DATASET Block Start

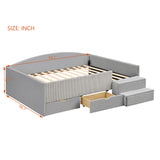 Full Size Kid Platform Bed Frame Upholstered Daybed Toddler Bed with 2 Storage Drawers, Gray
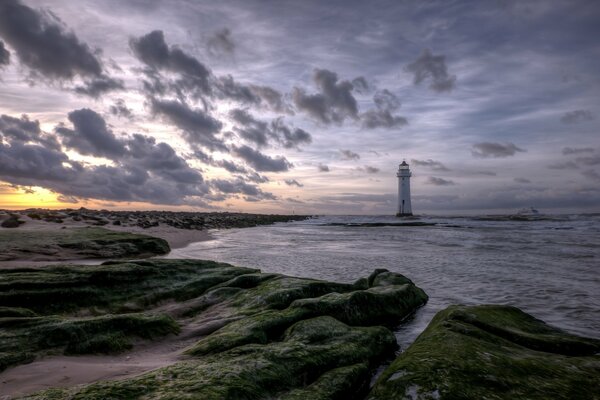 A lonely lighthouse at sea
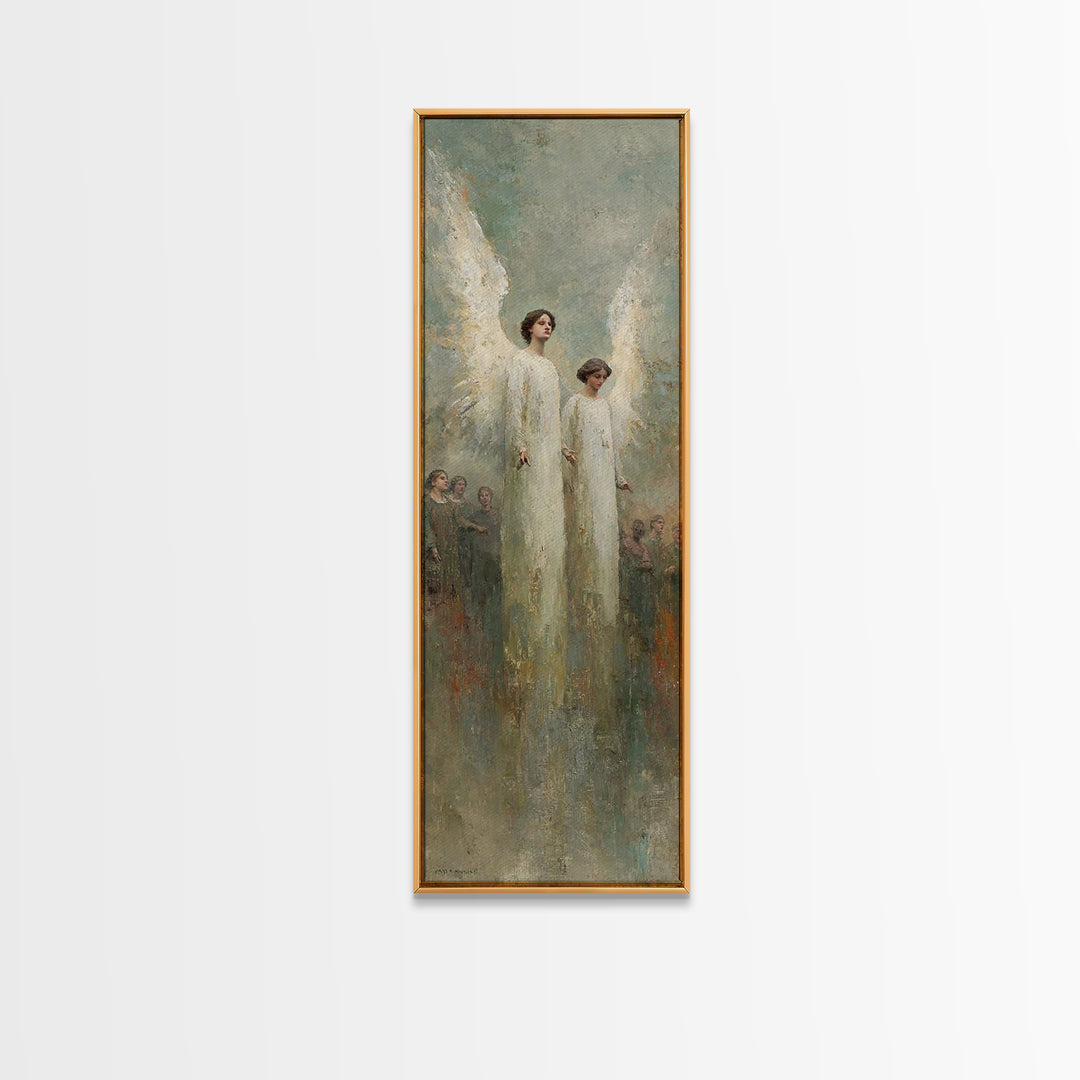 Heavenly Messengers Arise – Framed Canvas Print – Christian Wall Art – Christian Art Canvas – Tall Narrow Wall Art – Christian Christmas Ar
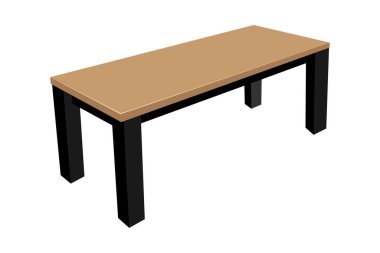 Siyah metal bacaklı ahşap masa, beyaz arkaplanda izole edilmiş resim.
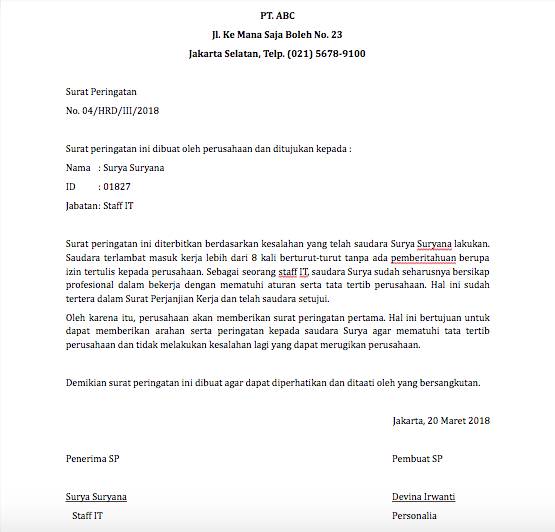 Contoh Surat Peringatan Sp Dan Aturan Yang Benar Untuk Karyawan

DATASET Block End

> PROBLEM DETAILS
Beginning with the line that holds "A lonely lighthouse at sea", return each line through the end of the records above exactly. Do not include pictures.

> RESPONSE TO THE EXERCISE
 A lonely lighthouse at sea
 Heavenly Messengers Arise – Framed Canvas Print – Christian Wall Art – Christian Art Canvas – Tall Narrow Wall Art – Christian Christmas Ar
 Siyah metal bacaklı ahşap masa, beyaz arkaplanda izole edilmiş resim.
 Contoh Surat Peringatan Sp Dan Aturan Yang Benar Untuk Karyawan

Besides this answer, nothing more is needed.